Overcoming Azure DevOps Pipeline Challenges with Terraform for AKS Deployments

Day two of developing KubeConductor is officially done.

Today, I focused on configuring an Azure DevOps CI/CD pipeline to deploy an Azure Kubernetes Service (AKS) cluster using Terraform. I’ll touch on the hurdles encountered while provisioning the infrastructure and managing existing resources, as well as the steps taken to resolve them.

The Code

My public repo can he found [here].

aks-cluster.tf: This is the Terraform configuration file that provisions an Azure Kubernetes Service (AKS) cluster using the AzureRM provider.

# aks-cluster.tf
provider "azurerm" {
  features {}

  client_id       = var.client_id
  client_secret   = var.client_secret
  tenant_id       = var.tenant_id
  subscription_id = var.subscription_id
}


resource "azurerm_resource_group" "default" {
  name     = "terraform-aks-rg"
  location = "West US"
}

resource "azurerm_kubernetes_cluster" "default" {
  name                = "terraform-aks-cluster"
  location            = azurerm_resource_group.default.location
  resource_group_name = azurerm_resource_group.default.name
  dns_prefix          = "terraform-aks"

  default_node_pool {
    name            = "default"
    node_count      = 2
    vm_size         = "Standard_DS2_v2"
    os_disk_size_gb = 30
  }

  identity {
    type = "SystemAssigned"
  }

  role_based_access_control_enabled = true

  tags = {
    environment = "Development"
  }
}

variables.tf: This Terraform configuration file defines a set of variables used in the aks-cluster.tf file to dynamically configure the Azure resources

# variables.tf
variable "resource_group_name" {
  description = "Name of the Resource Group"
  default     = "terraform-aks-rg"
}

variable "client_id" {
  description = "The Client ID of the Service Principal"
}

variable "client_secret" {
  description = "The Client Secret of the Service Principal"
}

variable "tenant_id" {
  description = "The Tenant ID of the Azure Active Directory"
}

variable "subscription_id" {
  description = "The Subscription ID where the resources will be created"
}

versions.tf: This Terraform configuration file specifies the required Terraform and provider versions needed.

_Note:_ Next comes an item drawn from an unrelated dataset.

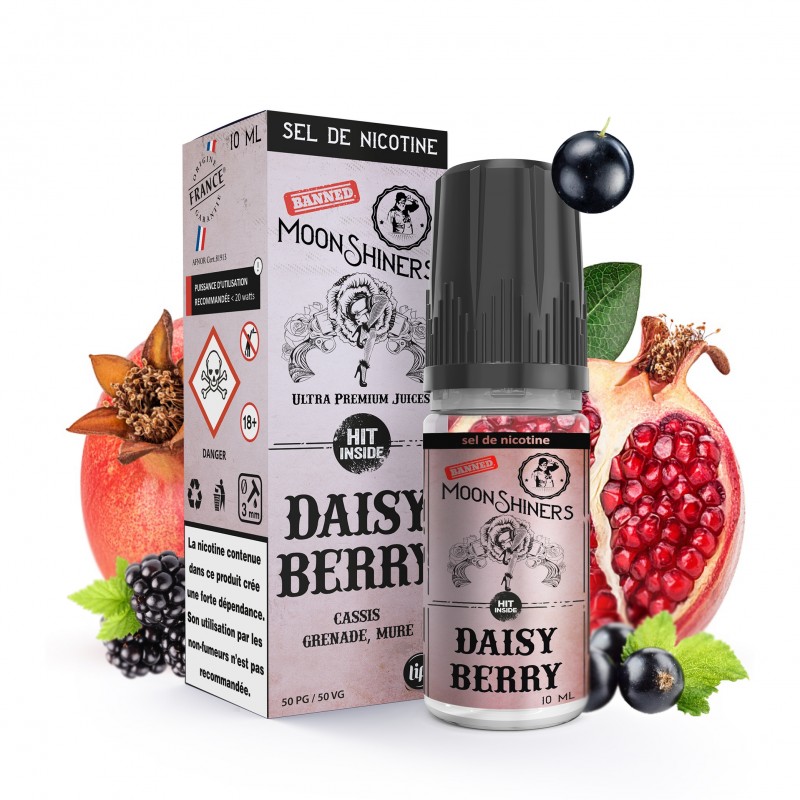 E-liquides Daisy berry hit inside - 10ml - 10mg/ml par Moonshiners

It helps ensure compatibility and stability by enforcing versioning.

# versions.tf
terraform {
  required_version = ">= 0.14"
  required_providers {
    azurerm = {
      source  = "hashicorp/azurerm"
      version = ">= 2.56"
    }
  }
}

outputs.tf: This Terraform configuration file defines output variables for the infrastructure. In my case, these outputs are used to display values after the resources have been created. This functionality is not implemented yet, however.

# outputs.tf
output "kubernetes_cluster_name" {
  value = azurerm_kubernetes_cluster.default.name
}

output "resource_group_name" {
  value = azurerm_resource_group.default.name
}

Initial Pipeline Configuration

My goal for today was to automate the provisioning of an AKS cluster using Terraform in an Azure DevOps pipeline. The basic setup included a self-hosted Ubuntu agent and a multi-step pipeline with the following stages:

Terraform Init: Initializes a new or existing Terraform configuration

Terraform Plan: Generates an execution plan to show what changes Terraform will make to your infrastructure.

Terraform Apply: Applies the changes required to reach the desired state of the configuration.

Below is a screenshot of the steps passing the CI/CD pipeline, which runs on a self-hosted Ubuntu machine.

Debugging Pipeline Environment Variables

From the beginning, I knew I wanted an application that mirrored real-world cloud infrastructure as closely as possible. This meant that I needed to be careful with how I handle secret values such as IDs, passwords, etc. I opted to use Azure Pipeline Group Variables to store the sensitive information relating to my cloud infrastructure. My CI/CD pipeline fetches these variables on runtime, eliminating the need to hard-code these values.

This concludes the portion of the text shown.